*** Opening of RAW DATA ***
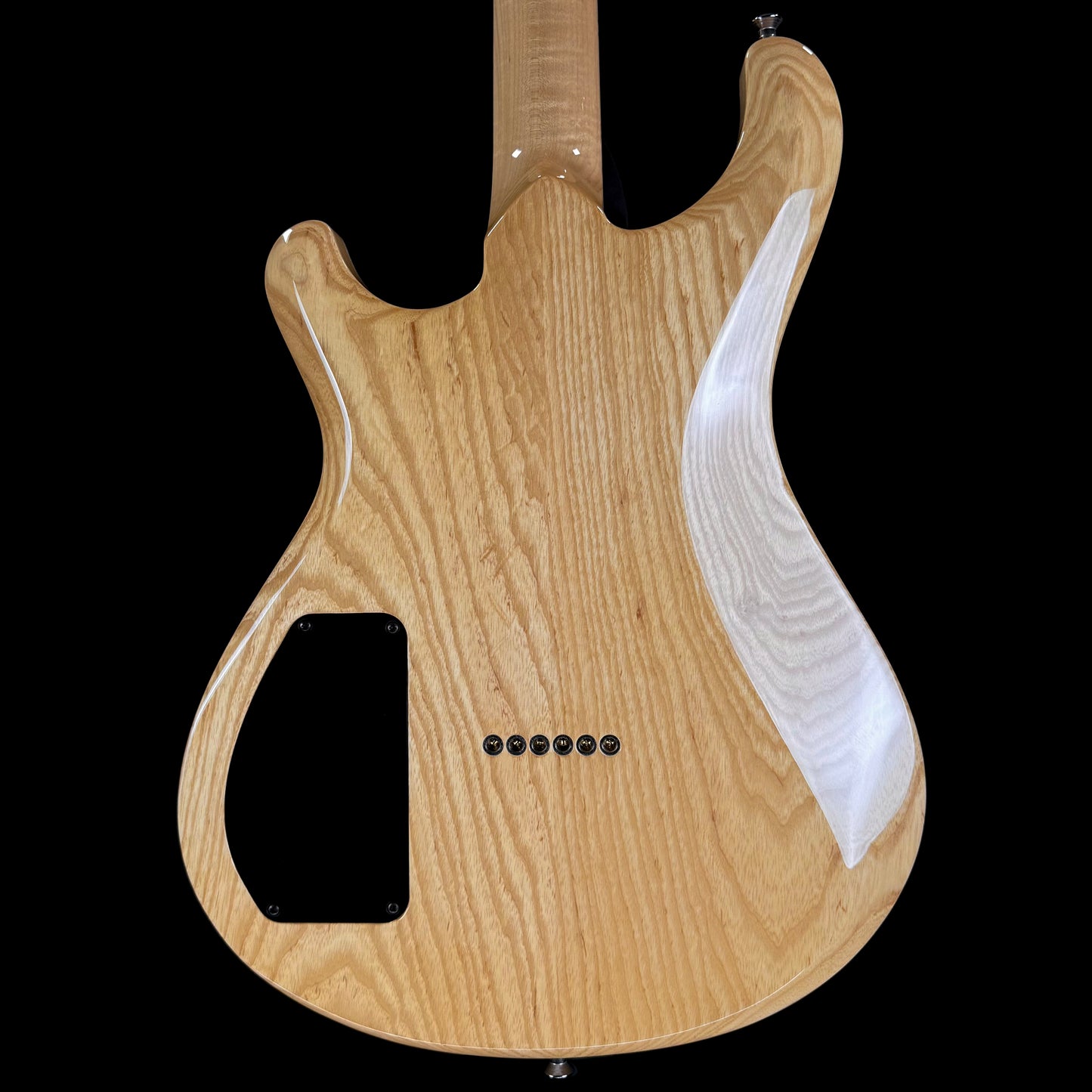 Knaggs Severn X HT HSH | Natural Gloss
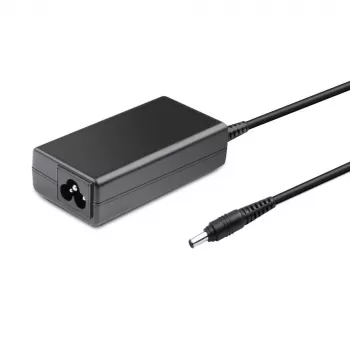 CoreParts MBXSA-AC0003 verkkolaite/invertteri sisäkäyttöön 60 W musta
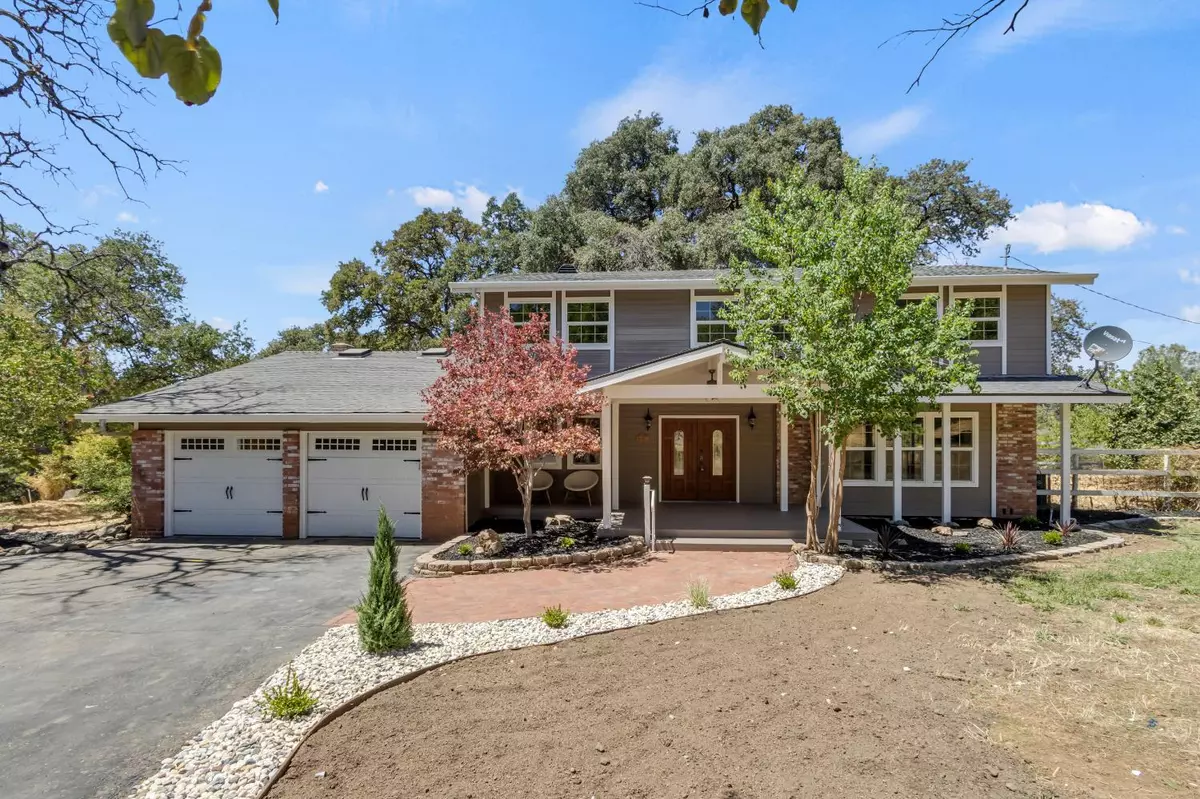 Placerville, CA 95667,880 Woodridge RD
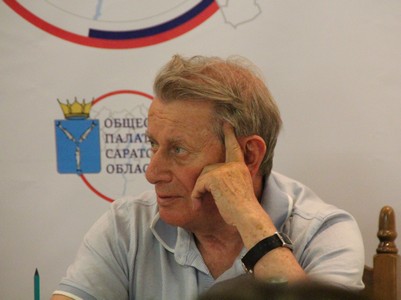 Александр Ландо о деле Антона Пушкина: «Я считаю, что мера пресечения в данном случае все же избыточная избрана»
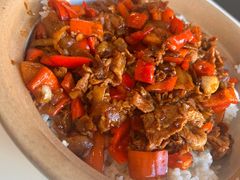 -攸州小镇家湘菜(小米科技园店)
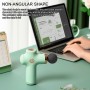 Xiaomi Youpin Yesoul MG11 אלחוטית אקדח אקדח תלת-מהירות שרירי כוונון להירגע לעיסוי (ורוד)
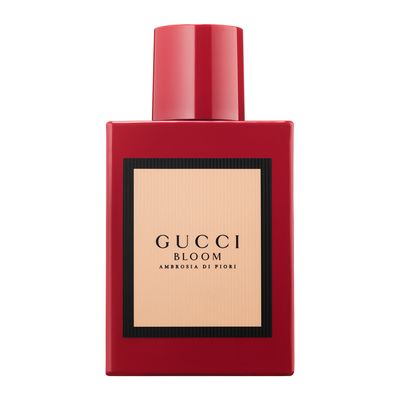 Gucci Gucci eau de parfum intense pour femme Bloom Ambrosia di Fiori 1.6 oz/ 50 mL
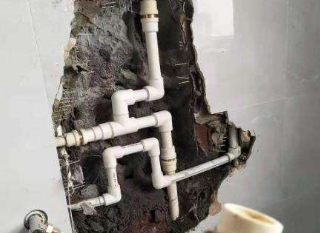 温州市卫生间测漏水价格多少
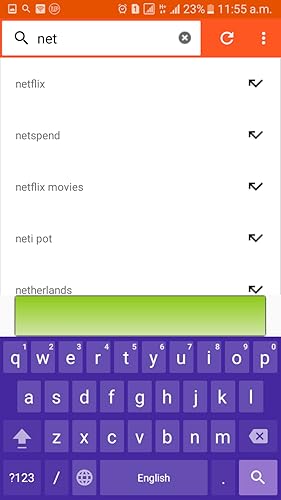 Bluffy Browser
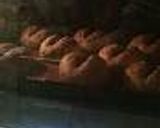 A picture of step 11 of Chunky Sweet Potato Sesame Bread.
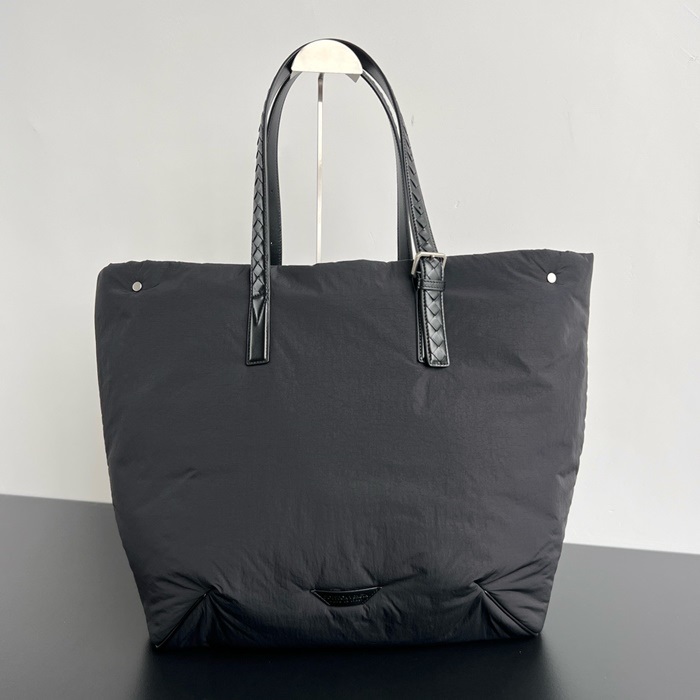 Bottega veneta  보테가베네타 남성 나일론 쇼퍼 백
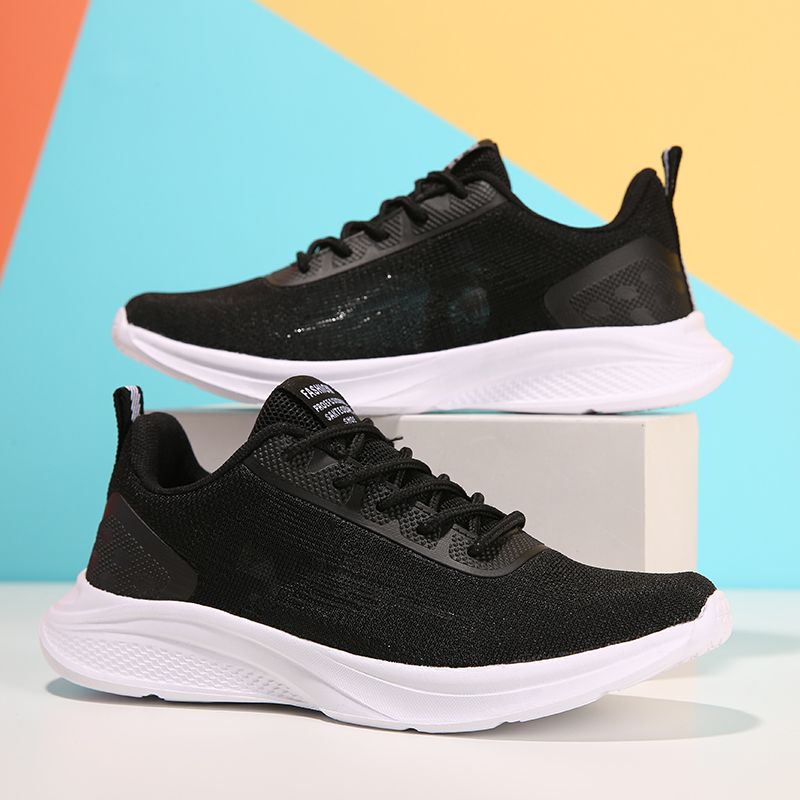 Shoes For Women Sneakers Summer Woman Casual Sport Shoe Flats Casual Ladies Mesh Breathable Shoes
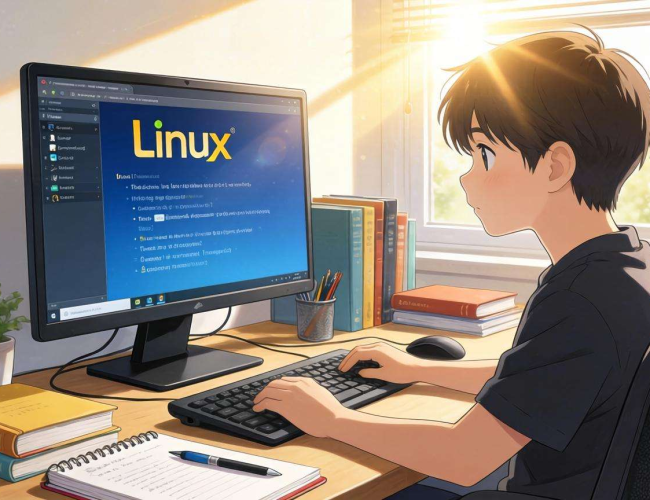 学用Linux有什么？解锁技能、拓展职业、畅享高效体验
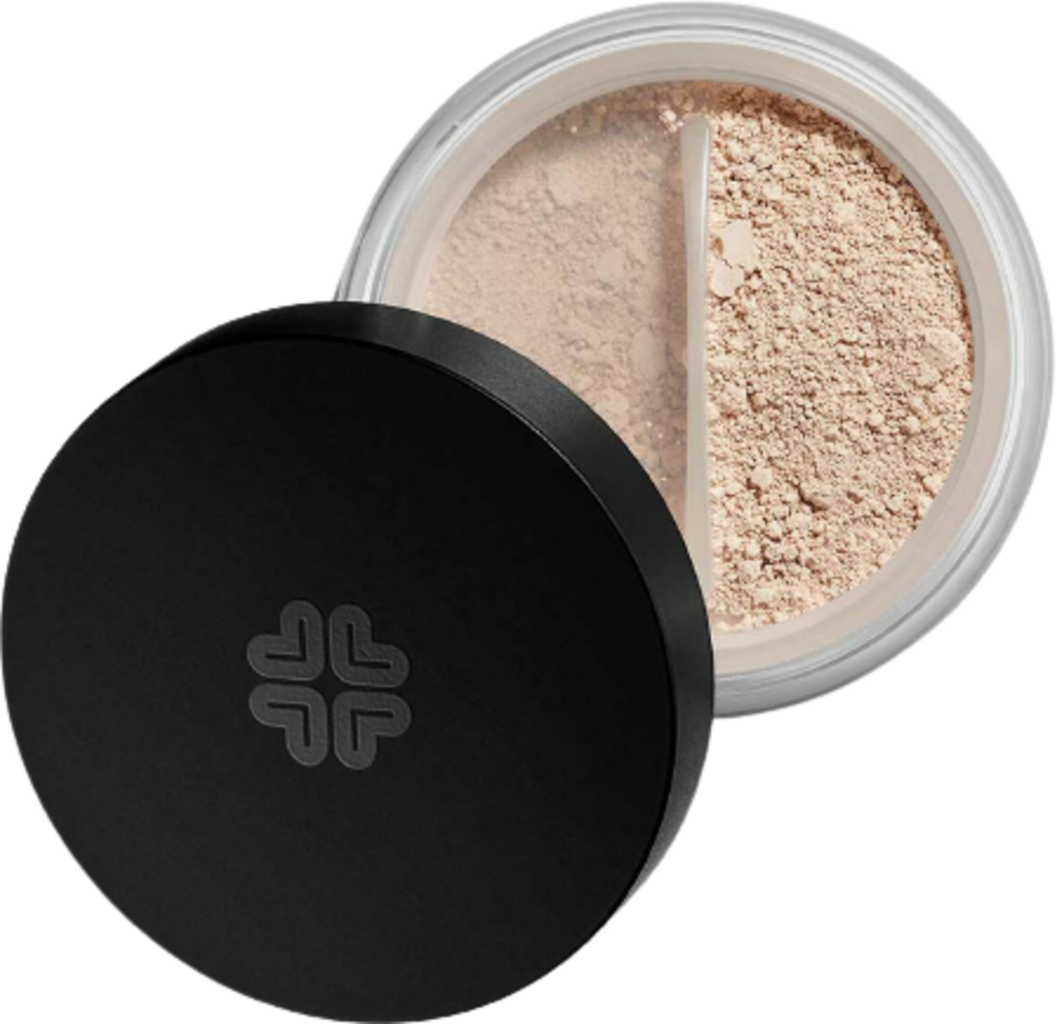 Mineral Concealer, Barely Beige  (5 g)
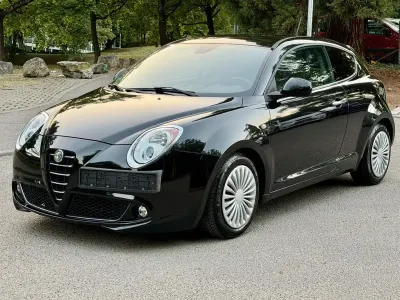 Gebraucht Alfa Romeo MiTo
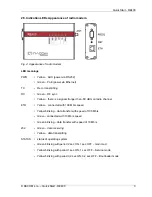 Preview for 3 page of RACOM ECONOMY RE400 Quick Start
*** Close of RAW DATA ***
**HOW TO COMPLETE THIS TASK**
Transcribe the full listing exactly, but keep every image out of it.

**REPLY**
 Knaggs Severn X HT HSH | Natural Gloss
 CoreParts MBXSA-AC0003 verkkolaite/invertteri sisäkäyttöön 60 W musta
 Placerville, CA 95667,880 Woodridge RD
 Александр Ландо о деле Антона Пушкина: «Я считаю, что мера пресечения в данном случае все же избыточная избрана»
 -攸州小镇家湘菜(小米科技园店)
 Xiaomi Youpin Yesoul MG11 אלחוטית אקדח אקדח תלת-מהירות שרירי כוונון להירגע לעיסוי (ורוד)
 Gucci Gucci eau de parfum intense pour femme Bloom Ambrosia di Fiori 1.6 oz/ 50 mL
 温州市卫生间测漏水价格多少
 Bluffy Browser
 A picture of step 11 of Chunky Sweet Potato Sesame Bread.
 Bottega veneta  보테가베네타 남성 나일론 쇼퍼 백
 Shoes For Women Sneakers Summer Woman Casual Sport Shoe Flats Casual Ladies Mesh Breathable Shoes
 学用Linux有什么？解锁技能、拓展职业、畅享高效体验
 Mineral Concealer, Barely Beige  (5 g)
 Gebraucht Alfa Romeo MiTo
 Preview for 3 page of RACOM ECONOMY RE400 Quick Start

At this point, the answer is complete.